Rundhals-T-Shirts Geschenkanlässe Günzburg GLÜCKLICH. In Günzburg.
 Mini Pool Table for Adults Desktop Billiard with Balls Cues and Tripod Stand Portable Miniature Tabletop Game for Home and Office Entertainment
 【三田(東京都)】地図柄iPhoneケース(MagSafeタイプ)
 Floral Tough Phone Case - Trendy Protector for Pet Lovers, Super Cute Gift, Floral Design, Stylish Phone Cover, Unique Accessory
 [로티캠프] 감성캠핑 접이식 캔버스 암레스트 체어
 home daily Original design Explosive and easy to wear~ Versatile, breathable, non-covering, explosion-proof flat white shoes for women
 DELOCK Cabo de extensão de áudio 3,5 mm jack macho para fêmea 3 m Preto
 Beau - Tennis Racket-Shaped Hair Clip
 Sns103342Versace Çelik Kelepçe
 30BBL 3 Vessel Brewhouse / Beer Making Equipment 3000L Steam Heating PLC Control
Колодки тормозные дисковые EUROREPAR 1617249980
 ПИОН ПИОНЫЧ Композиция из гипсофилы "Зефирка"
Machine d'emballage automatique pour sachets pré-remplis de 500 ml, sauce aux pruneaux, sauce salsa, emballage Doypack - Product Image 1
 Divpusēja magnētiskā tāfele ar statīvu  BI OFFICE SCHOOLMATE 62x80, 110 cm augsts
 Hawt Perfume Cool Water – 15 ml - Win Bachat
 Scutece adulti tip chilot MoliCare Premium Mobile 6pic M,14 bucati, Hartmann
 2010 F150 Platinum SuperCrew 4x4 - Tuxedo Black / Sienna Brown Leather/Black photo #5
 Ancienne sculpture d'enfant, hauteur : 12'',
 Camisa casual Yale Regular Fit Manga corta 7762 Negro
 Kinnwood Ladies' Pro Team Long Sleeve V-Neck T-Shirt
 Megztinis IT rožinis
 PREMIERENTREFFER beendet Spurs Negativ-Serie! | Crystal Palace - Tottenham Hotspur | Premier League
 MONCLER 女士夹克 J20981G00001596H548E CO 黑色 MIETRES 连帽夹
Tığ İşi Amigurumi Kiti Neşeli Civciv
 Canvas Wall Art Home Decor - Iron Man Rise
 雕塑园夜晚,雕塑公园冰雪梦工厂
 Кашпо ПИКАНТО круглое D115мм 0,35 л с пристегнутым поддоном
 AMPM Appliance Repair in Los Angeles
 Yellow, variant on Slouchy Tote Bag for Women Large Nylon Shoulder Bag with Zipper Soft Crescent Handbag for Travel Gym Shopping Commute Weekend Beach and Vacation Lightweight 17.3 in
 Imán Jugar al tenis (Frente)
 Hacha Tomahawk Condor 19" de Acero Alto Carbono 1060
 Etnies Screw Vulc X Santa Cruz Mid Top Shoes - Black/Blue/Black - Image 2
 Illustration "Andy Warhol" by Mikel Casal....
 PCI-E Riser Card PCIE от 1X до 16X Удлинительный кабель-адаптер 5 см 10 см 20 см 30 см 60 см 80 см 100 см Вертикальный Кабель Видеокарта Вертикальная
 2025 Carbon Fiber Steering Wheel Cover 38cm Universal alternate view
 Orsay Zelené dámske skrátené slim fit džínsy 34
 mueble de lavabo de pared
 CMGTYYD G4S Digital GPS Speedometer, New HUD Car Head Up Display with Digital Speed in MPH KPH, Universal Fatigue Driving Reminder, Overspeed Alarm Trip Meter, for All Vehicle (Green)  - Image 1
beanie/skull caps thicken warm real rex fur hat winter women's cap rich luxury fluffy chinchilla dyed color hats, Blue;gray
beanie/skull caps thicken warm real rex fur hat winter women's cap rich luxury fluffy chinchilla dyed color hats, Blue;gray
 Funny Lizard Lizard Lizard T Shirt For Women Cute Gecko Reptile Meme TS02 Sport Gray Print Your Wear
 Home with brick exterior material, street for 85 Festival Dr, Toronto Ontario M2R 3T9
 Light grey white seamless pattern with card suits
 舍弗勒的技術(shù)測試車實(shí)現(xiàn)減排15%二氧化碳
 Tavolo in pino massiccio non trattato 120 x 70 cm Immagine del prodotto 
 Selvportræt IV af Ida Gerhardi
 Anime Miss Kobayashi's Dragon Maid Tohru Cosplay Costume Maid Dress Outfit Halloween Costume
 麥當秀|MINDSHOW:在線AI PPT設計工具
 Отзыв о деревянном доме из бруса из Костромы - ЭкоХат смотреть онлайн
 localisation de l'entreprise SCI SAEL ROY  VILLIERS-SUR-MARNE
——
Please retype all of the material above, keeping it exact.

Rundhals-T-Shirts Geschenkanlässe Günzburg GLÜCKLICH. In Günzburg.
 Mini Pool Table for Adults Desktop Billiard with Balls Cues and Tripod Stand Portable Miniature Tabletop Game for Home and Office Entertainment
 【三田(東京都)】地図柄iPhoneケース(MagSafeタイプ)
 Floral Tough Phone Case - Trendy Protector for Pet Lovers, Super Cute Gift, Floral Design, Stylish Phone Cover, Unique Accessory
 [로티캠프] 감성캠핑 접이식 캔버스 암레스트 체어
 home daily Original design Explosive and easy to wear~ Versatile, breathable, non-covering, explosion-proof flat white shoes for women
 DELOCK Cabo de extensão de áudio 3,5 mm jack macho para fêmea 3 m Preto
 Beau - Tennis Racket-Shaped Hair Clip
 Sns103342Versace Çelik Kelepçe
 30BBL 3 Vessel Brewhouse / Beer Making Equipment 3000L Steam Heating PLC Control
Колодки тормозные дисковые EUROREPAR 1617249980
 ПИОН ПИОНЫЧ Композиция из гипсофилы "Зефирка"
Machine d'emballage automatique pour sachets pré-remplis de 500 ml, sauce aux pruneaux, sauce salsa, emballage Doypack - Product Image 1
 Divpusēja magnētiskā tāfele ar statīvu  BI OFFICE SCHOOLMATE 62x80, 110 cm augsts
 Hawt Perfume Cool Water – 15 ml - Win Bachat
 Scutece adulti tip chilot MoliCare Premium Mobile 6pic M,14 bucati, Hartmann
 2010 F150 Platinum SuperCrew 4x4 - Tuxedo Black / Sienna Brown Leather/Black photo #5
 Ancienne sculpture d'enfant, hauteur : 12'',
 Camisa casual Yale Regular Fit Manga corta 7762 Negro
 Kinnwood Ladies' Pro Team Long Sleeve V-Neck T-Shirt
 Megztinis IT rožinis
 PREMIERENTREFFER beendet Spurs Negativ-Serie! | Crystal Palace - Tottenham Hotspur | Premier League
 MONCLER 女士夹克 J20981G00001596H548E CO 黑色 MIETRES 连帽夹
Tığ İşi Amigurumi Kiti Neşeli Civciv
 Canvas Wall Art Home Decor - Iron Man Rise
 雕塑园夜晚,雕塑公园冰雪梦工厂
 Кашпо ПИКАНТО круглое D115мм 0,35 л с пристегнутым поддоном
 AMPM Appliance Repair in Los Angeles
 Yellow, variant on Slouchy Tote Bag for Women Large Nylon Shoulder Bag with Zipper Soft Crescent Handbag for Travel Gym Shopping Commute Weekend Beach and Vacation Lightweight 17.3 in
 Imán Jugar al tenis (Frente)
 Hacha Tomahawk Condor 19" de Acero Alto Carbono 1060
 Etnies Screw Vulc X Santa Cruz Mid Top Shoes - Black/Blue/Black - Image 2
 Illustration "Andy Warhol" by Mikel Casal....
 PCI-E Riser Card PCIE от 1X до 16X Удлинительный кабель-адаптер 5 см 10 см 20 см 30 см 60 см 80 см 100 см Вертикальный Кабель Видеокарта Вертикальная
 2025 Carbon Fiber Steering Wheel Cover 38cm Universal alternate view
 Orsay Zelené dámske skrátené slim fit džínsy 34
 mueble de lavabo de pared
 CMGTYYD G4S Digital GPS Speedometer, New HUD Car Head Up Display with Digital Speed in MPH KPH, Universal Fatigue Driving Reminder, Overspeed Alarm Trip Meter, for All Vehicle (Green)  - Image 1
beanie/skull caps thicken warm real rex fur hat winter women's cap rich luxury fluffy chinchilla dyed color hats, Blue;gray
beanie/skull caps thicken warm real rex fur hat winter women's cap rich luxury fluffy chinchilla dyed color hats, Blue;gray
 Funny Lizard Lizard Lizard T Shirt For Women Cute Gecko Reptile Meme TS02 Sport Gray Print Your Wear
 Home with brick exterior material, street for 85 Festival Dr, Toronto Ontario M2R 3T9
 Light grey white seamless pattern with card suits
 舍弗勒的技術(shù)測試車實(shí)現(xiàn)減排15%二氧化碳
 Tavolo in pino massiccio non trattato 120 x 70 cm Immagine del prodotto 
 Selvportræt IV af Ida Gerhardi
 Anime Miss Kobayashi's Dragon Maid Tohru Cosplay Costume Maid Dress Outfit Halloween Costume
 麥當秀|MINDSHOW:在線AI PPT設計工具
 Отзыв о деревянном доме из бруса из Костромы - ЭкоХат смотреть онлайн
 localisation de l'entreprise SCI SAEL ROY  VILLIERS-SUR-MARNE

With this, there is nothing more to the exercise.